(TASK BRIEF): Repeat the data that follows in full. Do not include the pictures.

··· DATA SHOWN ···

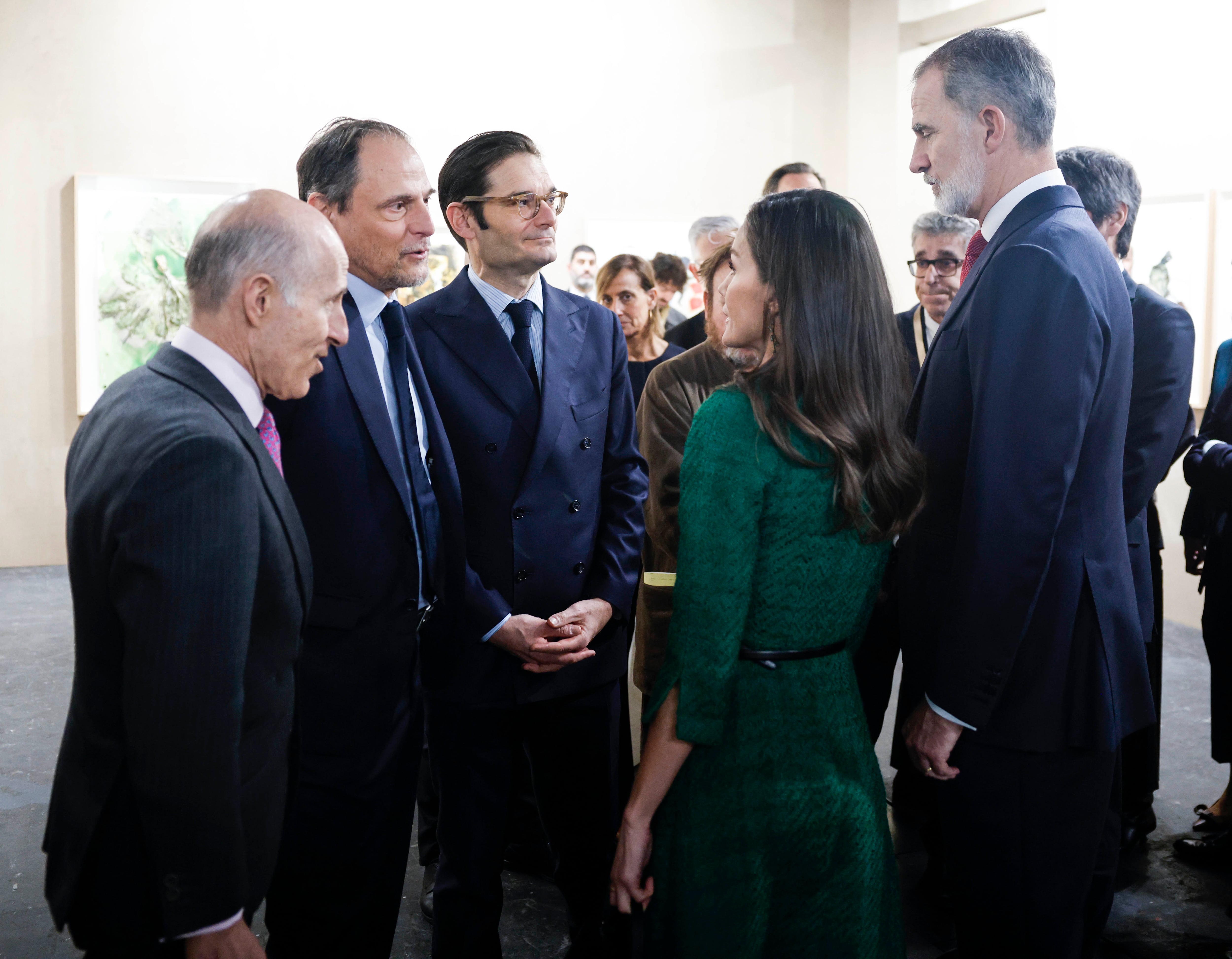 Los Reyes conversan con Jan Martínez Ahrens, director de EL PAÍS, y Joseph Oughourlian, el presidente del Grupo Prisa, en presencia de  Francisco Lizaur, jefe de protocolo de la Casa Real (izquierda).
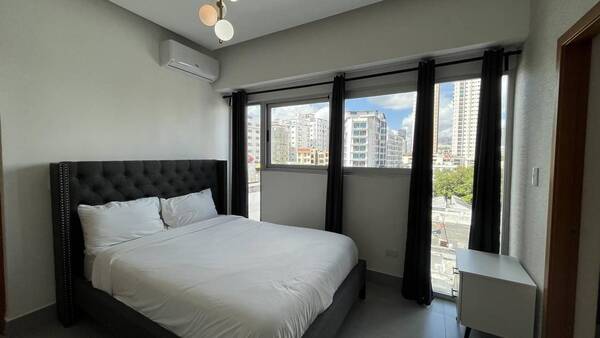 Apartamento en Ensanche Serralles, Santo Domingo D.N. con 1 habitación, 1 baño, 1 parqueo en 4to nivel de 44 mts² con mantenimiento incluido - Imagen 2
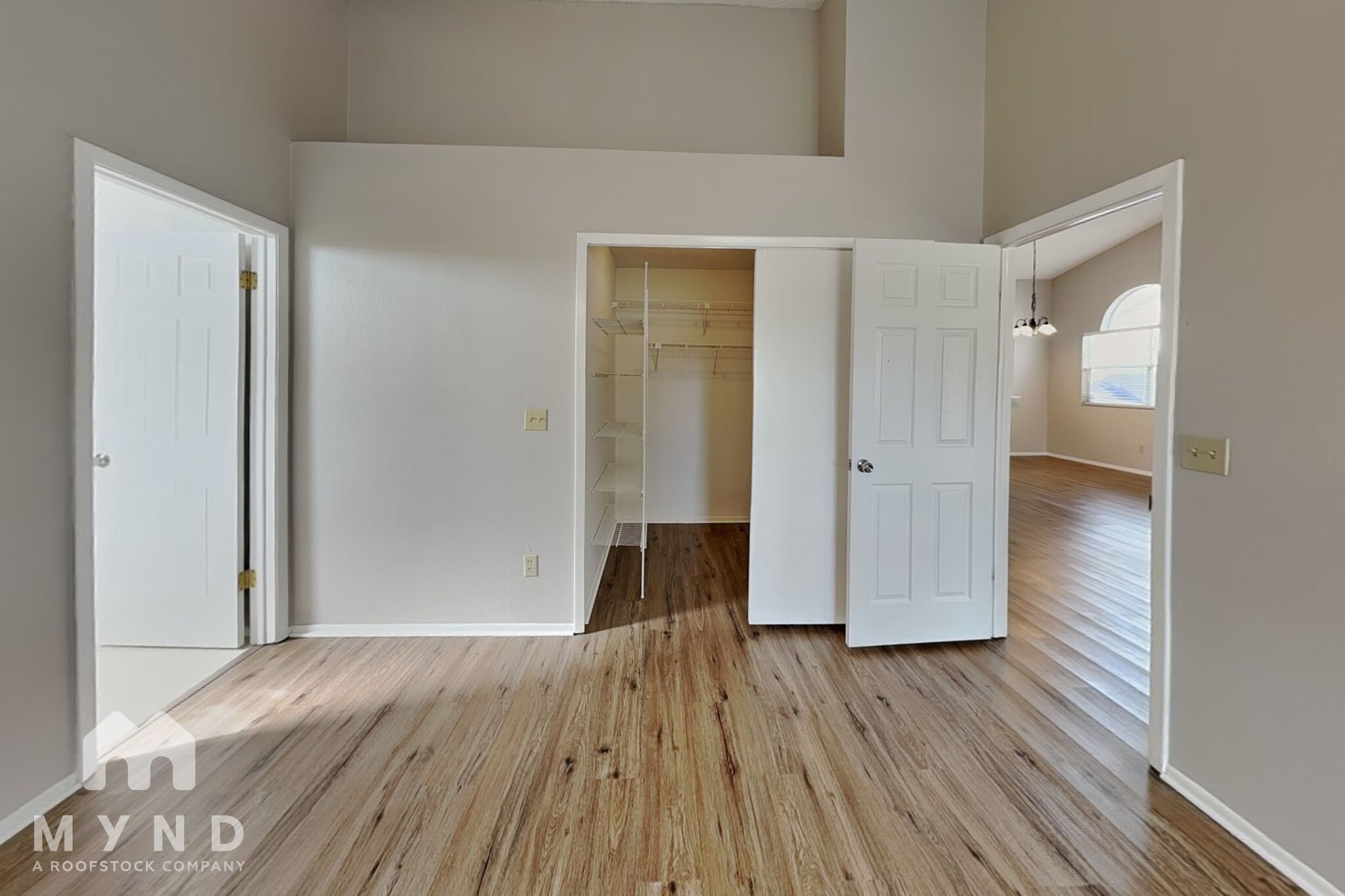 Building Photo - 2800 Falling Tree Cir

···

(REPLY TO THE EXERCISE):
 Los Reyes conversan con Jan Martínez Ahrens, director de EL PAÍS, y Joseph Oughourlian, el presidente del Grupo Prisa, en presencia de  Francisco Lizaur, jefe de protocolo de la Casa Real (izquierda).
 Apartamento en Ensanche Serralles, Santo Domingo D.N. con 1 habitación, 1 baño, 1 parqueo en 4to nivel de 44 mts² con mantenimiento incluido - Imagen 2
 Building Photo - 2800 Falling Tree Cir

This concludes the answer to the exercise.